### What is needed
Give back the whole listing exactly as written, pictures excluded.

### Data segment
....................
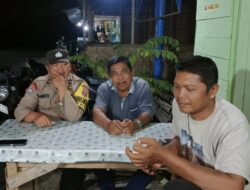 Bhabinkamtibmas Sambangi Warga: Cegah Pencurian dan Bahaya Judi Online di Padang Tualang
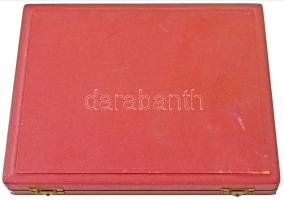 1970. "Budapest Főváros Tanácsa" 6xklf öntött bronz emlékérem-szett, mindegyikhez ismertet...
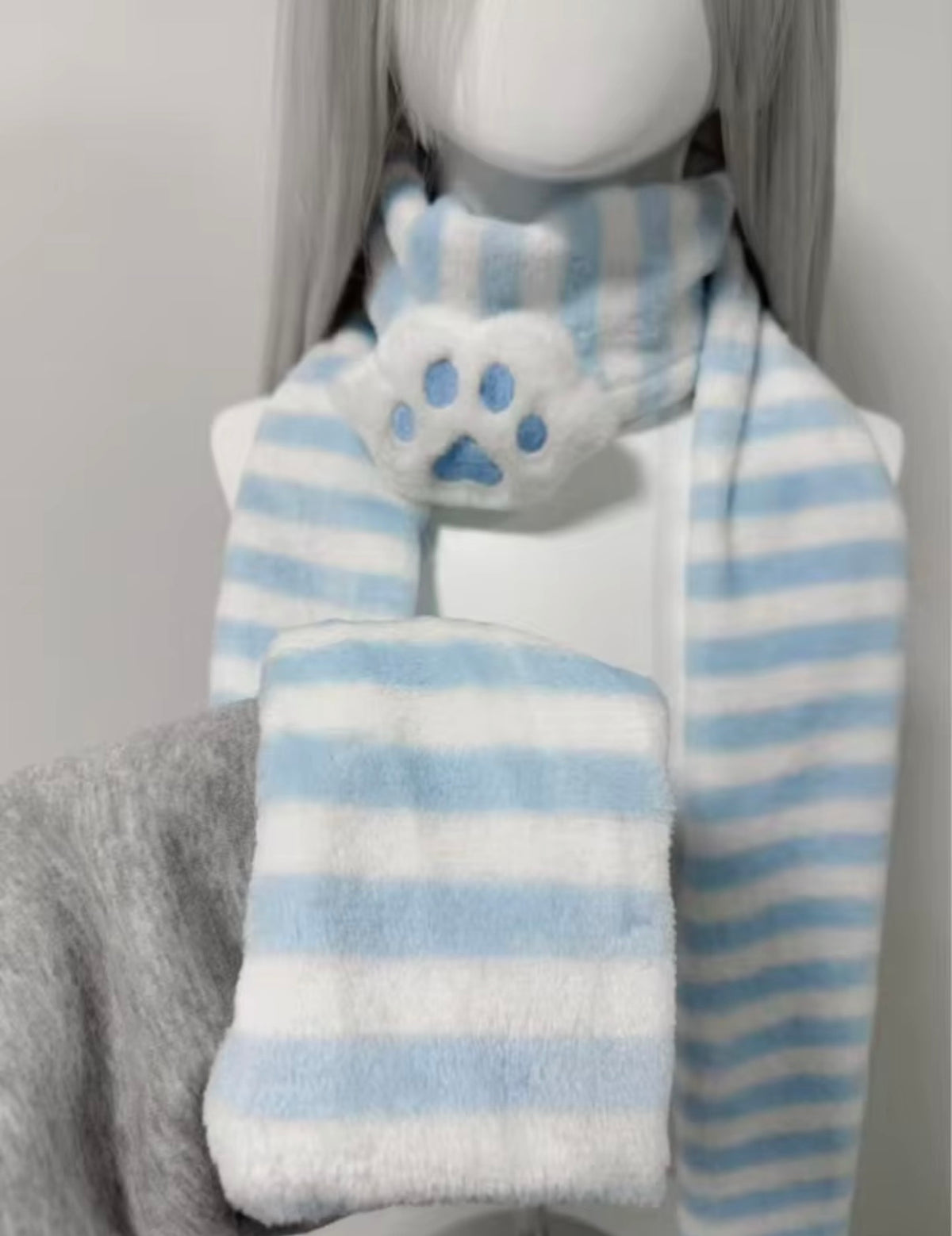Kawaii Cat Paw Striped Knitted Scarf – Cute Y2K Soft Winter Neck Warmer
....................
### Output of the task
 Bhabinkamtibmas Sambangi Warga: Cegah Pencurian dan Bahaya Judi Online di Padang Tualang
 1970. "Budapest Főváros Tanácsa" 6xklf öntött bronz emlékérem-szett, mindegyikhez ismertet...
Kawaii Cat Paw Striped Knitted Scarf – Cute Y2K Soft Winter Neck Warmer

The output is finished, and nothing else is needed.